Learning About Indigenous Foodways
Alongside reframing my relationship with gratitude, I’m also reframing my relationship to Thanksgiving food. It turns out the food we’re accustomed to eating at the kitchen table, namely turkey, don’t really have roots in history (whitewashed or otherwise). So I’ve convinced my mom to let me infuse some of what I’m learning of Indigenous foods into our Thanksgiving dinner.
Much of that learning has come from the award-winning chef and activist, Sean Sherman, who is a member of the Oglala Sioux Tribe, owner and founder of the restaurant Owamni, and founder of the non-profit North American Traditional Food Systems (NATIFS).
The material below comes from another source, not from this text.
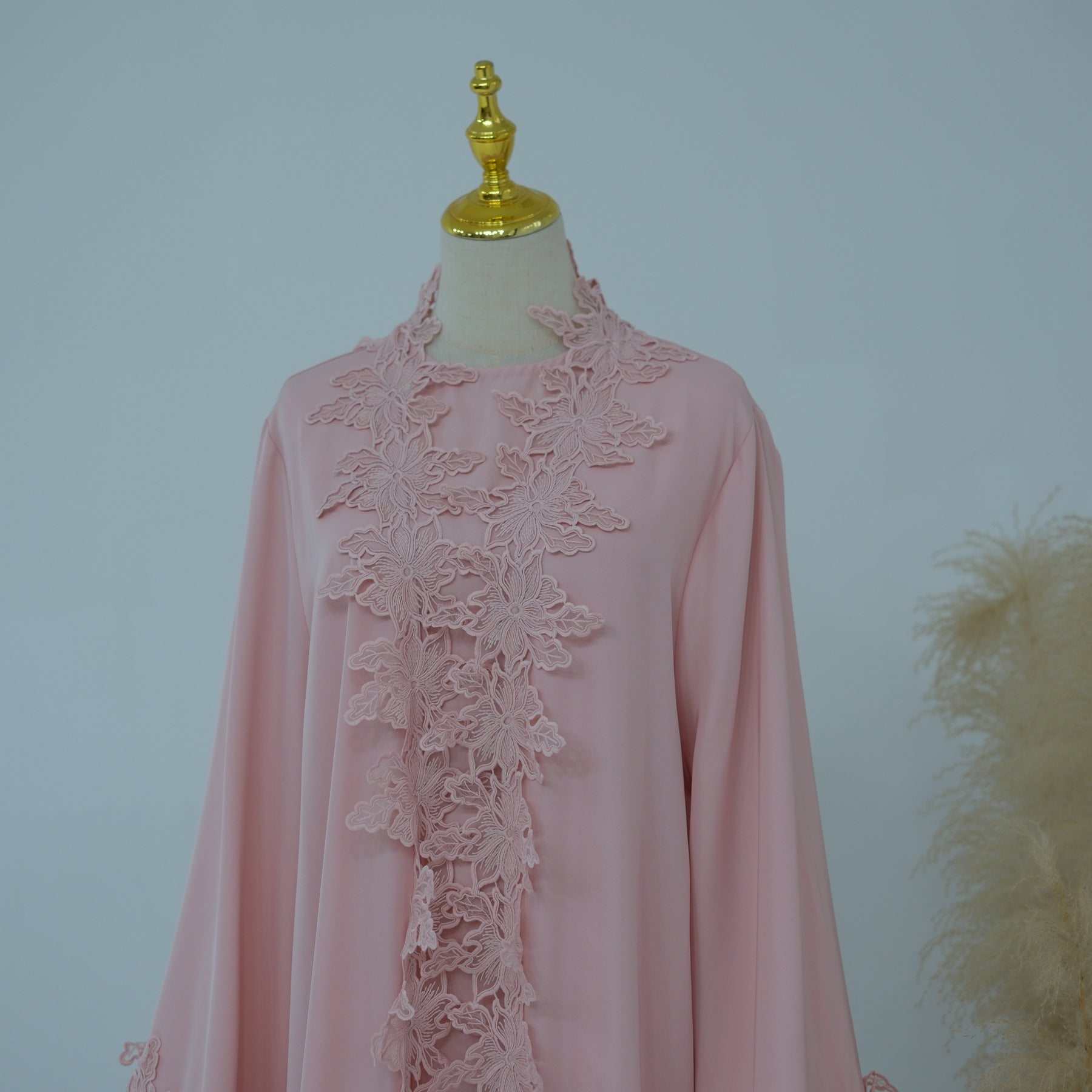 LR1184  Lace Splicing Cardigan and Inner Dress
Everything Sean Sherman does is dedicated to uncovering Indigenous foodways that were seemingly lost thanks to colonization and the U.S. government’s attempts to exterminate and/or assimilate Indigenous peoples.
I’ve been studying his book, The Sioux Chef’s Indigenous Kitchen as well as New Native Kitchen by Freddie Bitsoie and James O. Fraiole and cooking from these books that not only offer amazing recipes, but lessons in Indigenous history. They also hold lessons about Indigenous resilience and adaptation to modern times. IBy cooking from these books for Thanksgiving and throughout the year, it’s a small way to bring in elements of Indigenous food sovereignty to our Thanksgiving table.
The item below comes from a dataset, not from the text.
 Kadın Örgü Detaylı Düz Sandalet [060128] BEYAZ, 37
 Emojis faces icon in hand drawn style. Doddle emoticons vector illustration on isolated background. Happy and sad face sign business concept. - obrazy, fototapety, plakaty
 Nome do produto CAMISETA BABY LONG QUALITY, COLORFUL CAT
Indigenous Sovereignty is Climate Justice
Both of these very small (and one would argue rather insignificant) ways I’m reframing Thanksgiving connects very directly to lessons for the climate justice movement. The powerful connection that Indigenous peoples and cultures have with the land and nature highlights the revolutionary potential of Indigenous sovereignty movements. The food sovereignty movement is a part of that as well as the Land Back movement which has the goal of literally and spiritually returning stolen land back to Native peoples.
“The demand for Land Back is larger than just a call for returned territory,” states an article from the Lakota Peoples’ Law Project. “The movement is also about returning resources, buildings, and smaller swaths of land, with a much larger benefit attached. Land back is about expanding tribal management — an essential element of climate justice work. Indigenous stewardship of land never produced the kind of emissions and toxins we are dealing with today.”
It’s the Land Back movement that is central to the Standing Rock Sioux Tribe’s revolutionary protests against the Dakota Access Pipeline. It’s also unfolding in places like Mount Rushmore/The Black Hills and Mauna Kea on the island of Hawai’i (check out this story about examples of this happening around North America).
While my little shifts at Thanksgiving are certainly not going to turn the tide of climate change, nor are they a significant contribution to the climate justice and Indigenous sovereignty movements, they are a piece of the puzzle. It helps show others who they can rethink the narrative we’ve been taught. It creates space for conversations about Indigenous justice and what that looks like in relation to climate change. And, it at the very least moves toward matching my actions with my own values.
I really love how you move back and forth between your own wrestling with these questions and finding more ways to move into action, both personally, and by sharing all of this, giving me more ways to act and grow. Thank you also for refusing the whitewashing of Thanksgiving as a celebration of settler colonialism by those who were being targeted for genocide.